We had explicit constructions of size limited approximate families using previously known constructions of approximately k-wise independent distributions.

We proved several lower bounds for size limited and approximate families. In particular, we proved a lower bound of Omega(k.2^k log n) for the size limited problem. This bound involved the notion of Graph Entropy.

For linear transformations, we could prove that the min probability for a set of size k was no smaller than 1/2k in the worst case. The max probability on the other hand could be as large as Omega(log k/k). In fact for the set {0,1,2,... k-1} we determined that the element O has a probability of 3/pi^2 log k/k (asymptotically) of being the minimum. This result involved playing around with Farey sequences and the Mobius inversion formula. We do not have an upper bound on the max probability but conjecture that it is O(log k/k). In the average case, we can prove better bounds on the max probability. Theoretically, we can prove an upper bound of something like 8.3/k on the expected value of the max probability for a random set of size k. Empirical tests show that in fact, the min and max probability seem to be very strongly concentrated around 1/k. We believe that both of them are {1+-o(1)}/k in the average case.

For some of the results mentioned above, we used Maple extensively to facilitate the manipulation of formulae and plot graphs.

The family of linear transformations is pretty close to the family that is actually used in the implementation of the document similarity testing. The fact that the linear family is pretty good from the min-wise independence point of view (in the average case) can be viewed as some sort of theoretical guarantee that the implementation is sound, that is, the family of permutations it uses satisfies the property that it is required to satisfy.

The Fun and Challenging Parts

A lot of interesting mathematical problems came up in the course of the project. We employed several interesting (and sometimes exotic) mathematical tools to answer the questions that arose - drawing from number theory, graph theory, combinatorics and probability theory. It was a learning experience. I certainly widened my repertoire of mathematical tools. All the questions were challenging as nobody had looked at this problem before and we did not have any prior results to go by. It was definitely a lot of fun being able to answer (at least most of) the questions which we encountered.

Concluding Observations

The most important outcome of my internship was that I made contacts with researchers at SRC, I think the summer internship was immensely fruitful as it laid the foundation for future collaborations with researchers which will undoubtedly be beneficial for me and contribute to my research at Stanford.

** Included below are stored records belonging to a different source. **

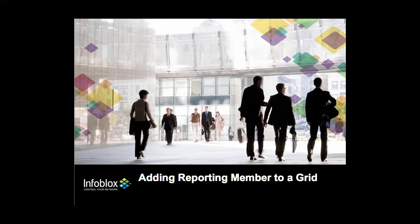This video is intended to help you install and set up an Infoblox vNIOS reporting appliance to an existing Infoblox grid.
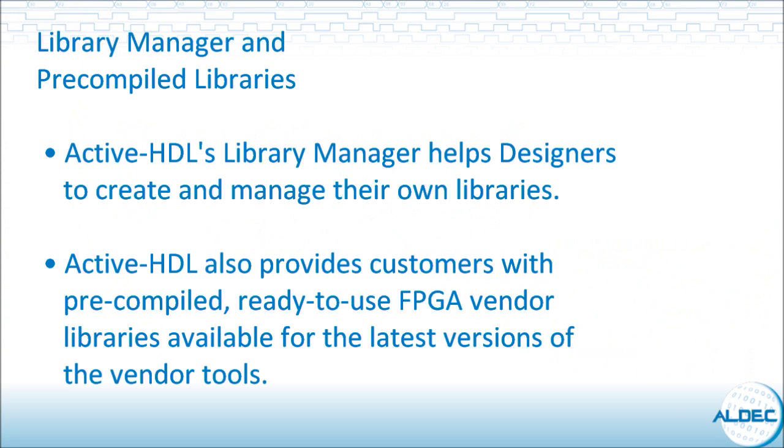In this presentation, we are going to see how to use ActiveHDL's Library Manager to create and manage your own libraries. Also, we will see how to use pre-compiled FPGA vendor libraries.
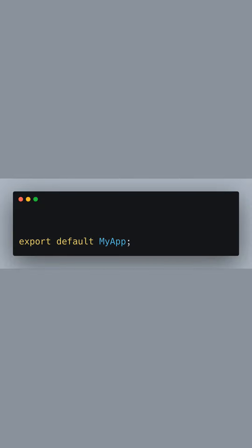And lastly, we export the MyApp component, making it the root component of our Next.js application.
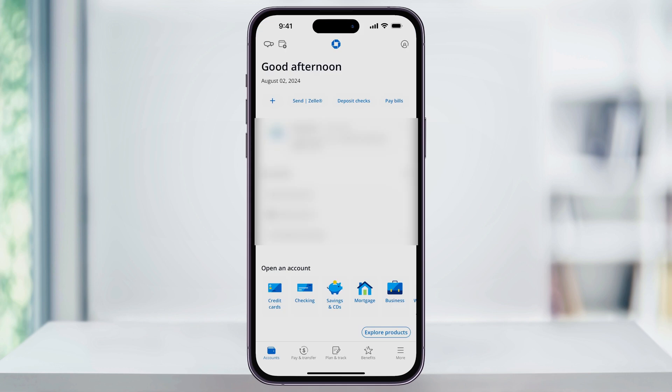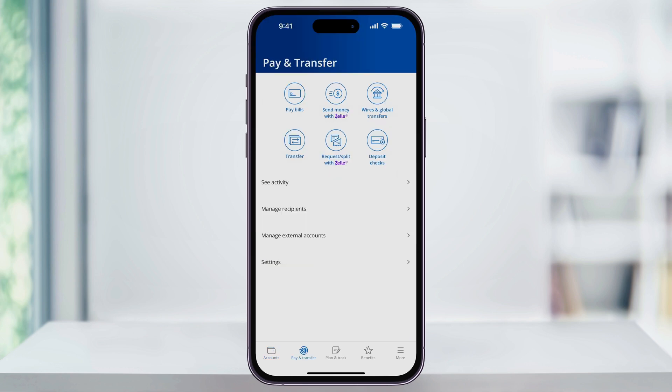Starting on the home screen, you may have two different places that you can get to Zelle. On the main accounts page, if you've used Zelle in the past, then you should see a Send Zelle shortcut here on the top menu bar. But if this is your first time and you don't see that, select the second option, Pay and Transfer, down here on the bottom menu bar. Inside of this screen, you'll now see Send Money with Zelle here at the top in the center.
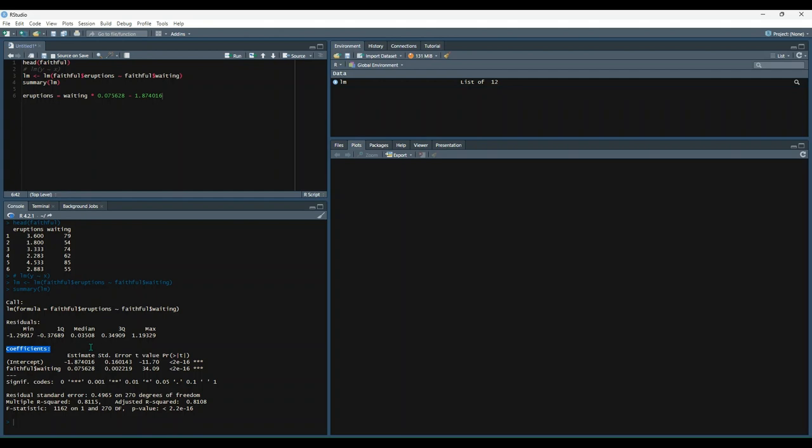For each coefficient, we're given the respective standard error, right here. The standard error is used to measure the precision of coefficients estimate. Next, we have a t-value. For each coefficient, the t-value is calculated by dividing the coefficient by the standard error.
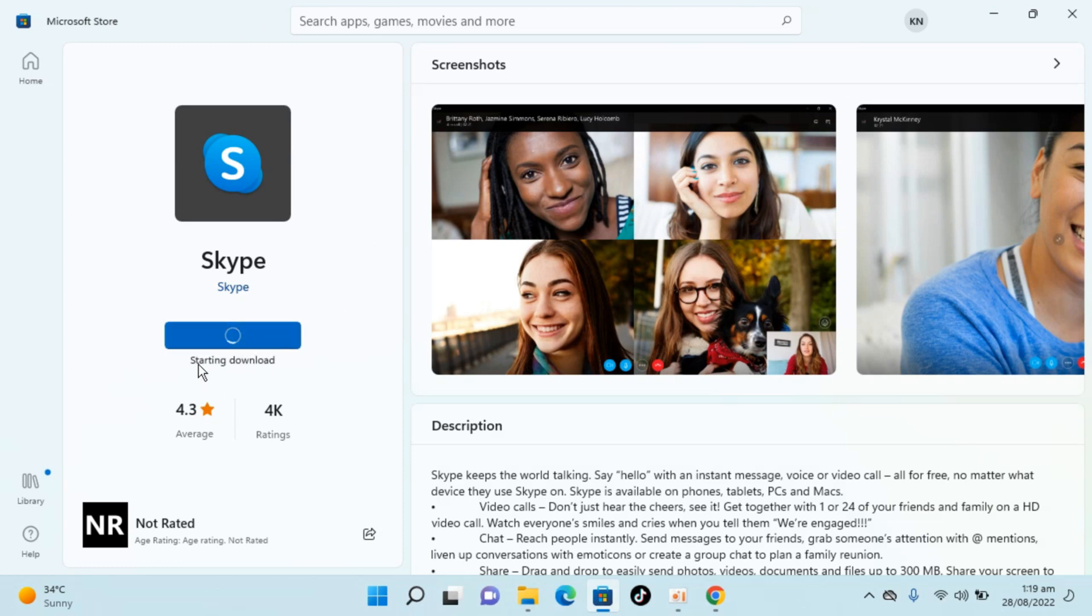Here you can see starting download, acquiring license, and within a few moments you will see the download process begin. Here it says downloading.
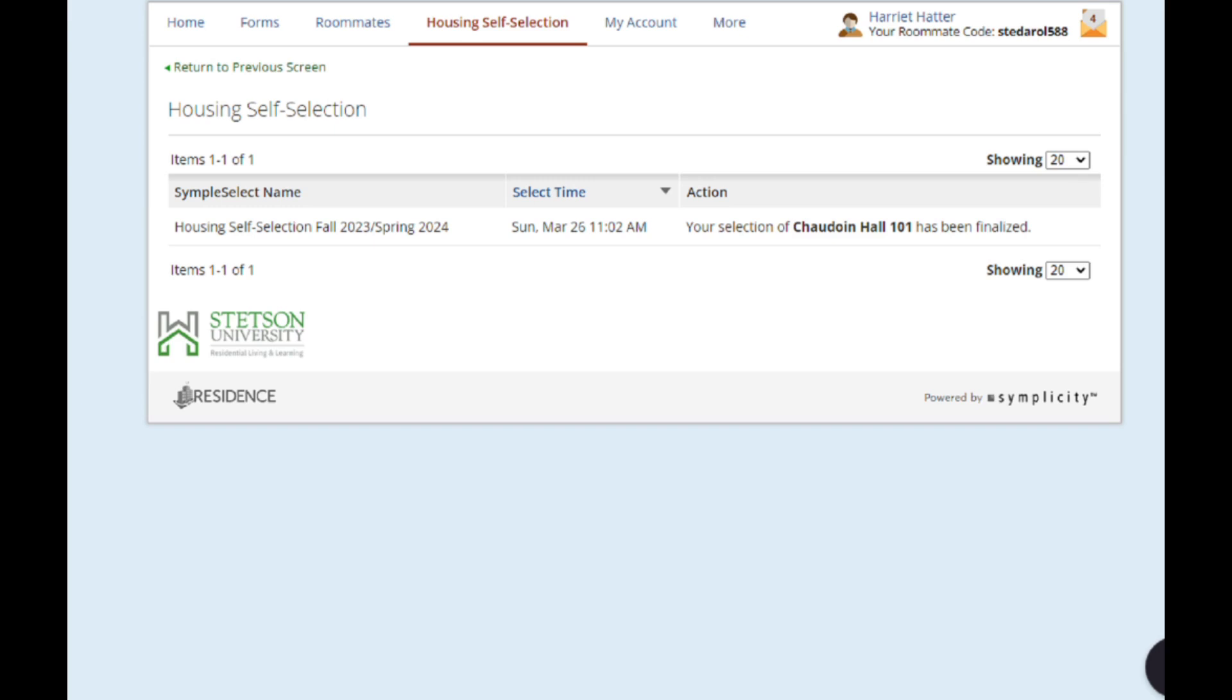The appointment times are dynamic and change as the roommate group members change. If you have any questions about selecting an assignment, be sure to reach out to the Residential Living and Learning Office for assistance.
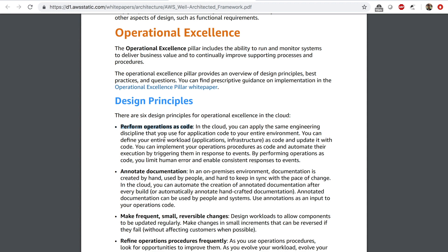When you perform operations as code, you limit human error because you're not clicking through the management console to provision things. You also enable consistent responses to events and save a lot of time. You also want to annotate documentation using automation instead of creating handcrafted documentation. You want to automate documentation whenever every build happens, so that not only humans can read it, but also computers can use that documentation.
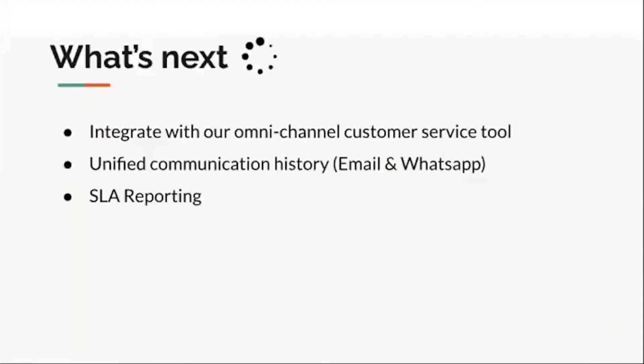So what's next? For any query or help, employees reach out to us via our customer service tool, but it requires a lot of context switching for our team members to answer them. So we want to integrate our customer support tool inside Retool. We also don't want our customers to miss any important update from us, so we will build communication history inside Retool for both email and WhatsApp. We also need to track claims SLA regularly, so we need to have proper reports for our teams.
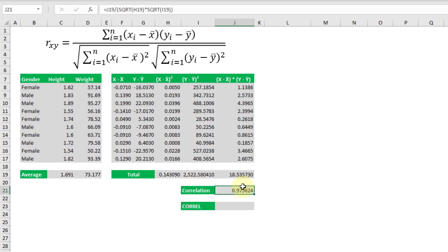And if we've done that correctly we should get a number between zero and one. Zero means that we have something that's very unrelated and one or closer to one means that we have something that's very related. So 0.97 means that these height and weight variables are very related.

I was also impressed by the amount of interaction between the theory folk and systems people at SRC. Such a high level of interaction benefits both the theory and systems communities - massaging good theoretical ideas into something that is implementable and works well, as well as abstracting interesting theoretical questions from problems that arise in practice proved . It is really commendable how the theory people consult extensively on systems projects and still manage to maintain an active theory side by working on pure research problems. I would strive to achieve a good healthy balance of this sort.